Surgical Approach Options: Multiple approaches are available depending on tumor characteristics and patient preferences. Open conventional thyroidectomy with a 2-6cm neck incision remains the standard with excellent outcomes. Minimally invasive options include MIVAT (minimally invasive video-assisted thyroidectomy), da Vinci robotic transaxillary approach eliminating visible neck scars, and TOETVA (transoral endoscopic thyroidectomy vestibular approach) providing completely scarless surgery through the mouth. Thailand offers all these advanced techniques at JCI-accredited hospitals, with Police General Hospital serving as a TOETVA specialist center.

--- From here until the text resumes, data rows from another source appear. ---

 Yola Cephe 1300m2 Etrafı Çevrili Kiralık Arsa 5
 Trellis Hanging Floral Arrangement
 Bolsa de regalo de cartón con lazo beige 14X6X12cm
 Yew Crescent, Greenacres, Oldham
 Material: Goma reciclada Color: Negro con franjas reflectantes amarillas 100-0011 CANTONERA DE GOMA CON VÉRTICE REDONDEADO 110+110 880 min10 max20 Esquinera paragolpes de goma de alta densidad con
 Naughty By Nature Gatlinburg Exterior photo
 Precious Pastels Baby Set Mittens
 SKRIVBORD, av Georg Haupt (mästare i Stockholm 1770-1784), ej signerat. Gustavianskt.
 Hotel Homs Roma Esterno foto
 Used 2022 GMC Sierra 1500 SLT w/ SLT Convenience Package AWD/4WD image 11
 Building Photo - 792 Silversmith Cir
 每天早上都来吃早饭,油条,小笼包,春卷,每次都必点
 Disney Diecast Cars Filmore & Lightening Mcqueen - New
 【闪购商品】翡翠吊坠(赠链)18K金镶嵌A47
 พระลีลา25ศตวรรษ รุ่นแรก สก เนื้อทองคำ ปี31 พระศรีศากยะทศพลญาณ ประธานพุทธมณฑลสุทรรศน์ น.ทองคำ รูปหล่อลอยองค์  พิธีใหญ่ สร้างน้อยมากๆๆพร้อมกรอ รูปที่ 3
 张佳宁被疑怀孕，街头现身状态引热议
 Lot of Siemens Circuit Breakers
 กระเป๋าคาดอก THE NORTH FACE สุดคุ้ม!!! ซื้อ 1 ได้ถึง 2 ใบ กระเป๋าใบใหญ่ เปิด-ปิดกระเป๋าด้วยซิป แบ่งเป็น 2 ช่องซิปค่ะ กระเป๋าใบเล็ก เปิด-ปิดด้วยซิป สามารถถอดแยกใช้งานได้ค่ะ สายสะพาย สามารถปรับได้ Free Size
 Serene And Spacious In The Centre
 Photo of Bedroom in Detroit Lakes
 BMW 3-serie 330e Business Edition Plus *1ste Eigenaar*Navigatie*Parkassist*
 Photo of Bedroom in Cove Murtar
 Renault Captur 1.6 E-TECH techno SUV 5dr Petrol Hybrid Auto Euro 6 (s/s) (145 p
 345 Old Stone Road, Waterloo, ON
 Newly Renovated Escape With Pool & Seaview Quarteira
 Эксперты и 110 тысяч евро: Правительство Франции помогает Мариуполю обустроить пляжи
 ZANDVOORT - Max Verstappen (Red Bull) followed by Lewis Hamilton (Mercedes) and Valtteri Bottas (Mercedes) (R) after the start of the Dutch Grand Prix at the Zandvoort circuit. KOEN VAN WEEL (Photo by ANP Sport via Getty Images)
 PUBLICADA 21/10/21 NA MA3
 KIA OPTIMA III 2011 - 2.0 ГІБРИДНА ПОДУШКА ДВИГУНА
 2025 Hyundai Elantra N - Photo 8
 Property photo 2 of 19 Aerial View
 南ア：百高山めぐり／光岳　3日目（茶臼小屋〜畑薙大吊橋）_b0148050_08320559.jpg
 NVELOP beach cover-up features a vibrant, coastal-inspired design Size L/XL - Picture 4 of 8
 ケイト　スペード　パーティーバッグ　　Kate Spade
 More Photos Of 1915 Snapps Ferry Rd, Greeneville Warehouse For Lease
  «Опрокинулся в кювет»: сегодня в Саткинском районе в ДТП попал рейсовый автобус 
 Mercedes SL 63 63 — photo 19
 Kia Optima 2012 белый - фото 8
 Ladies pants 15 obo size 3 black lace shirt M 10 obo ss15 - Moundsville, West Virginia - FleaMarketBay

Thailand Advantage: Thai hospitals offer advanced thyroidectomy techniques at 40-75% lower cost than US facilities. Total thyroidectomy packages range from $7,000-9,000 versus $15,000-20,000 in the USA, with robotic options available for $12,000 versus $25,000+. High-volume endocrine surgeons perform >100 thyroid operations annually, and volume-outcome data demonstrates significantly lower complication rates at high-volume centers. Multidisciplinary tumor boards coordinate care between endocrine surgeons, endocrinologists, nuclear medicine specialists, and pathologists.
Medical Tourism Logistics: Recommended minimum stay in Thailand is 10 days, allowing for initial 4-5 days of recovery, first post-operative follow-up, and calcium level stabilization monitoring. Long-haul flights are generally safe 1-2 weeks after uncomplicated surgery. Comprehensive medical records including operative reports, pathology with TNM staging, and surveillance recommendations are provided for coordination with home physicians. Telemedicine follow-up allows ongoing consultation with Thai specialists while thyroglobulin monitoring and imaging are performed locally.